Accanto al misurato classicismo raffaellesco, tuttavia, si afferma anche una corrente più sperimentale che, pur senza prescindere dall’ammirazione dell’antichità, affronta il repertorio figurativo classico con maggiore spregiudicatezza, tanto da essersi conquistata, nella critica moderna, l’appellativo di "anticlassica". Di tale corrente fanno parte, a vario titolo, pittori quali Amico Aspertini, che nelle sue rielaborazioni di schemi antichi sottopone i modelli classici a profonde trasformazioni, e Filippino Lippi, che trae dagli antichi le iconografie e i particolari antiquari più curiosi e inaspettati, rielaborandoli in composizioni molto personali; lo stesso Michelangelo Buonarroti, nelle sue opere cinquecentesche, appare assai più vicino alla tensione del Laocoonte che alla placida compostezza della Venus genitrix.
Negli stessi anni in cui si intraprendono gli scavi che portano alla luce il Laocoonte, il pittore bolognese Jacopo Ripanda, facendosi calare dall’alto in un cesto, riproduce per intero il fregio della Colonna Traiana, un monumento che a causa della sua altezza era conosciuto, e quindi poteva essere copiato e imitato, soltanto in piccola parte.
L’impresa di Ripanda mette dunque a disposizione degli artisti un immenso repertorio di composizioni e particolari antiquari che vengono fedelmente ripresi in importanti imprese decorative, quali la decorazione pittorica dell’episcopio di Ostia.
Oggetto di studio e di culto per tutto il secolo, il fregio viene infine pubblicato nei disegni di Girolamo Muziano che, a partire dal 1569, porta in un certo senso a coronamento la spericolata impresa di Ripanda.
Ripanda e Muziano, naturalmente, non sono gli unici esempi di artisti che si trasformano in archeologi.
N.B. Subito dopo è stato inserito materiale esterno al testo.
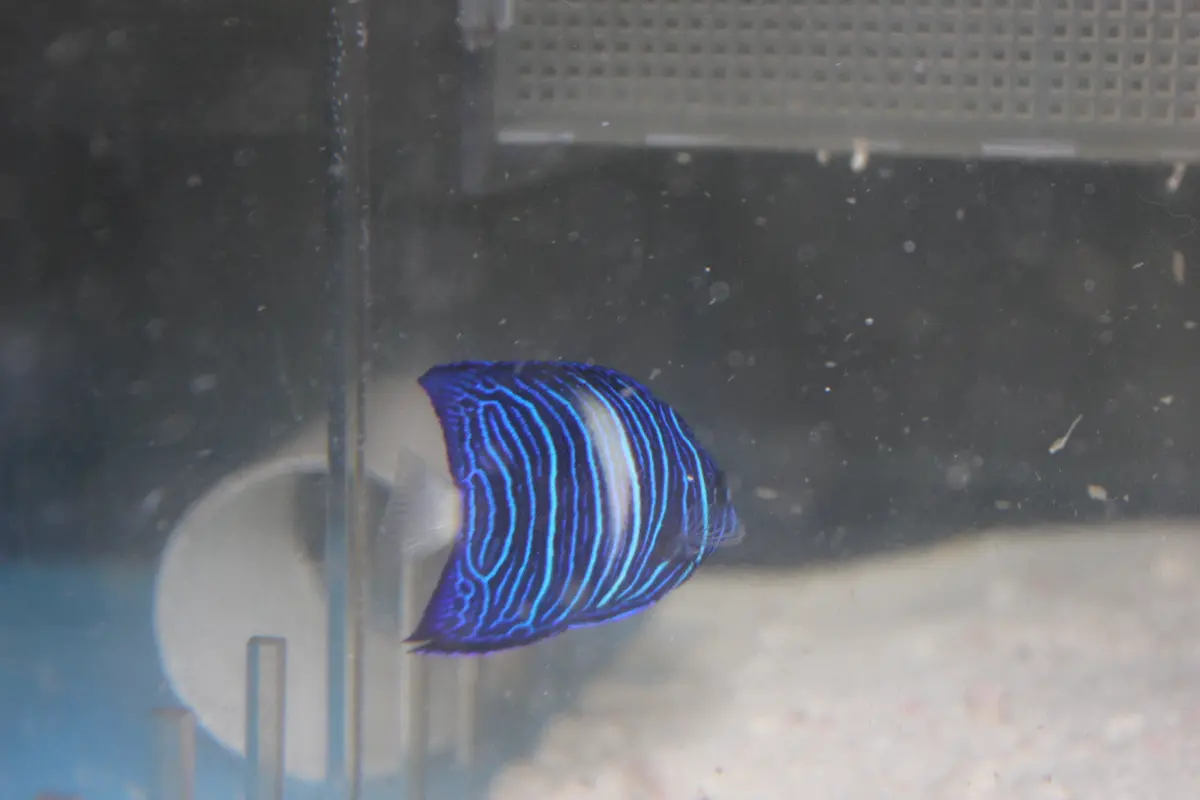 Maculosus Angel (3" Juv-White Bar) 1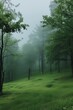 Idyllic and scenic view of trees on green grassy landscape in natural forest under dense foggy weather	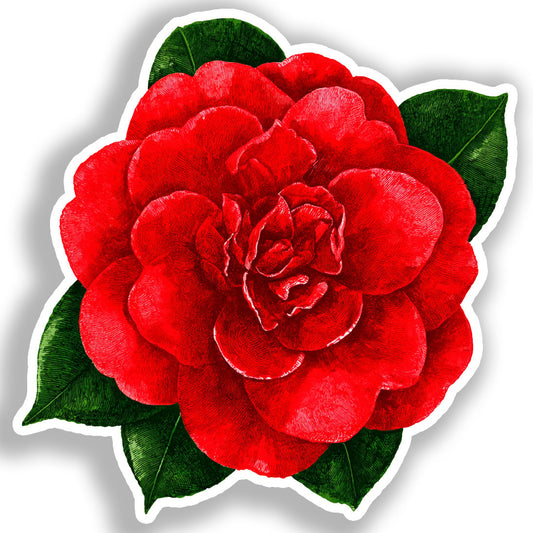 Camellia Flower Vinyl Decal Sticker for Car, Laptop, Tumbler and more # A018864-4" x 4"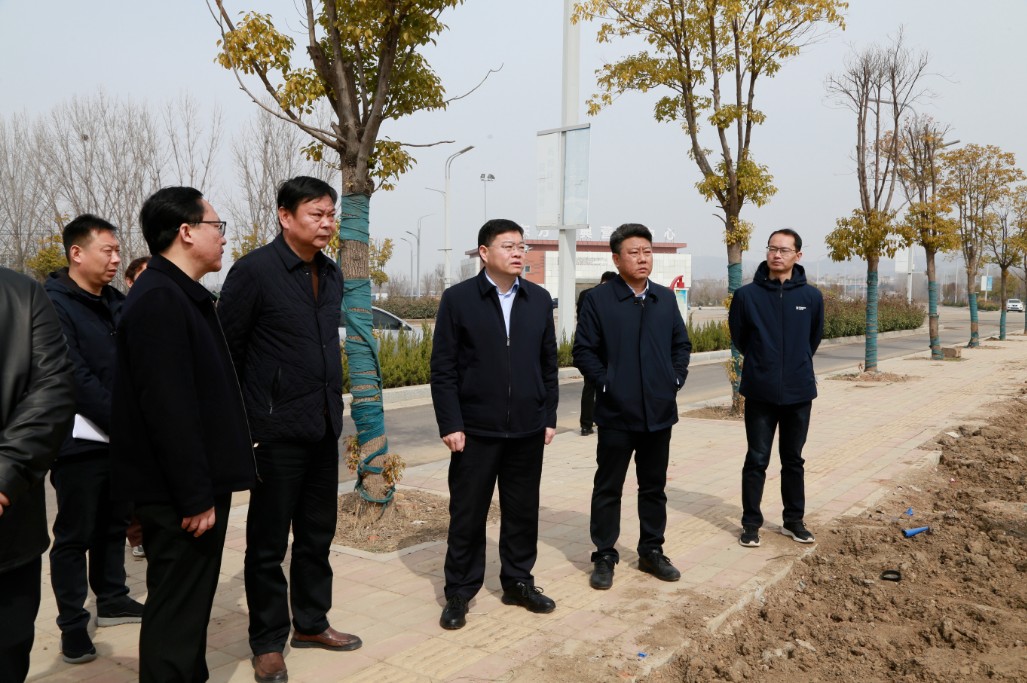 调研督导积水点改造和城乡大绿化工作(图4) 调研督导积水点改造和城乡大绿化工作(图4)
Il caso più emblematico è di nuovo quello di Raffaello, che nel 1515 riceve da Leone X l’incarico di ispettore alle antichità, finalizzato alla realizzazione di una carta topografica dell’antica Roma; il progetto si interrompe però alla morte dell’artista.
Anche Michelangelo si occupa spesso di consulenze che riguardano la collocazione delle statue ritrovate e il loro restauro. Altri artisti si vedono commissionare copie di statue antiche da inviare all’estero, come accade a Baccio Bandinelli per il Laocoonte (la copia, originariamente destinata a Francesco I, resta poi a Clemente VII).
Il più monumentale esempio cinquecentesco di commistione tra il mestiere dell’artista e quello dell’antiquario è quello di Pirro Ligorio, architetto ed erudito che, a partire dal 1553, oltre a disegnare mappe di Roma antica e moderna, raccoglie uno sterminato corpus di iscrizioni, copie da rilievi (sovente reinterpretando a modo suo i modelli), notizie e curiosità. Gli scritti di Pirro Ligorio, molto consultati anche nel secolo XVII, rappresentano il punto estremo dell’antiquaria cinquecentesca e al tempo stesso la sua crisi: non a caso tutta la sua erudizione non trova una via di sintesi.